[INPUT FOR THIS TASK — start]

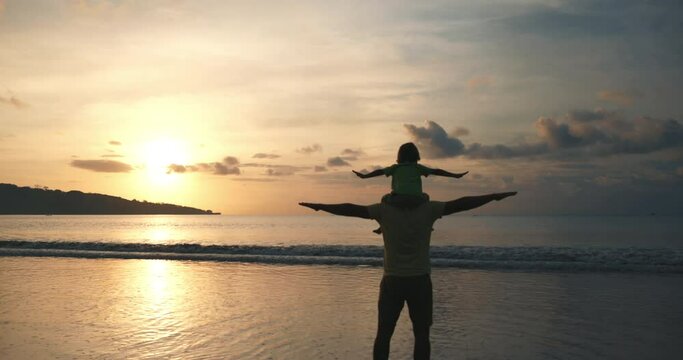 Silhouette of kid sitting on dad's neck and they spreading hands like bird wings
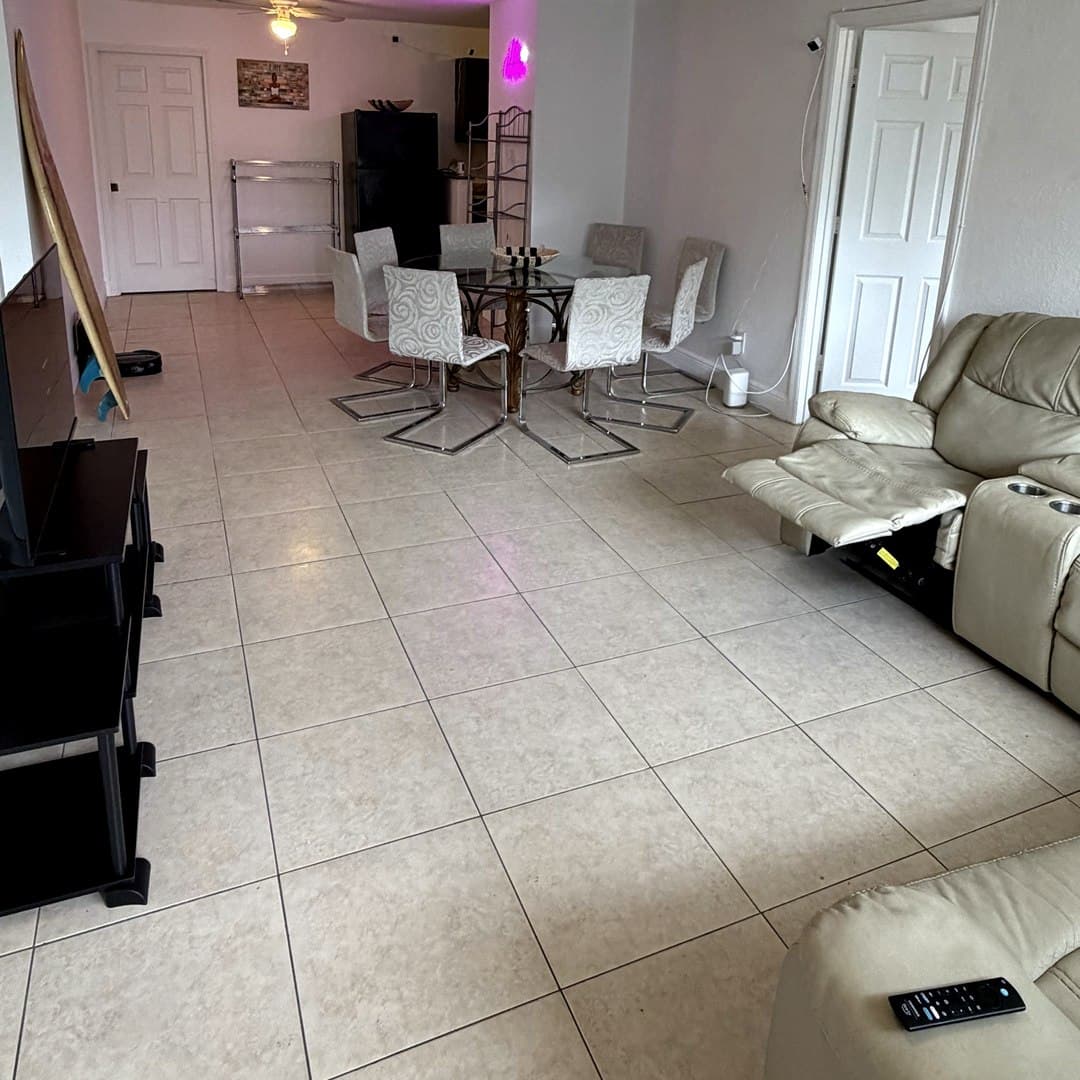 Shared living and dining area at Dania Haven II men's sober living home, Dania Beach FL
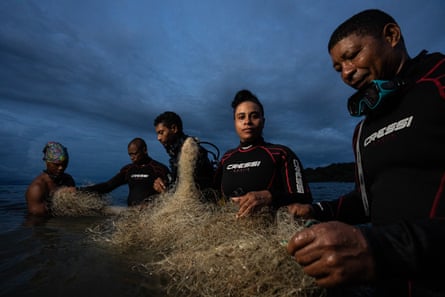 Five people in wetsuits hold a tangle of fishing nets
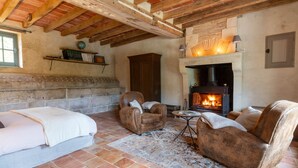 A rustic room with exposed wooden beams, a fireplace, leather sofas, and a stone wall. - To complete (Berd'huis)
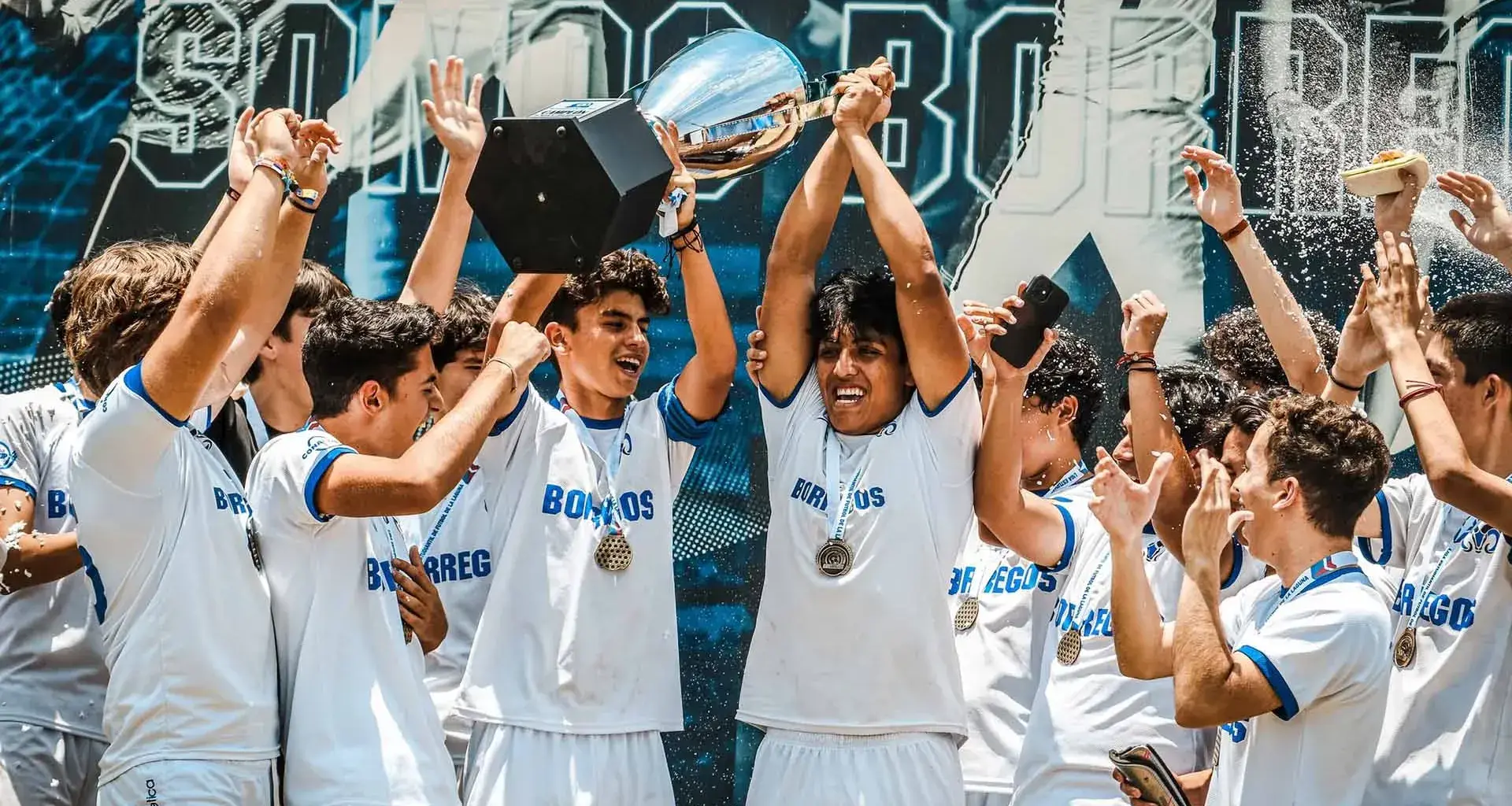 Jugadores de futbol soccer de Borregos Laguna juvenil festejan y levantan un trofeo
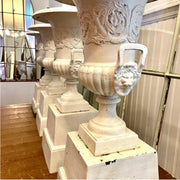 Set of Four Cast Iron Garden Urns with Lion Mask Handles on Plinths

[INPUT FOR THIS TASK — finish]

_TASK INSTRUCTIONS_.
Output, exactly as written, only the lines from the beginning of the listing through the line containing "Five people in", both included, and no pictures.

_RESPONSE TO THE EXERCISE_.
 Silhouette of kid sitting on dad's neck and they spreading hands like bird wings
 Shared living and dining area at Dania Haven II men's sober living home, Dania Beach FL
 Five people in wetsuits hold a tangle of fishing nets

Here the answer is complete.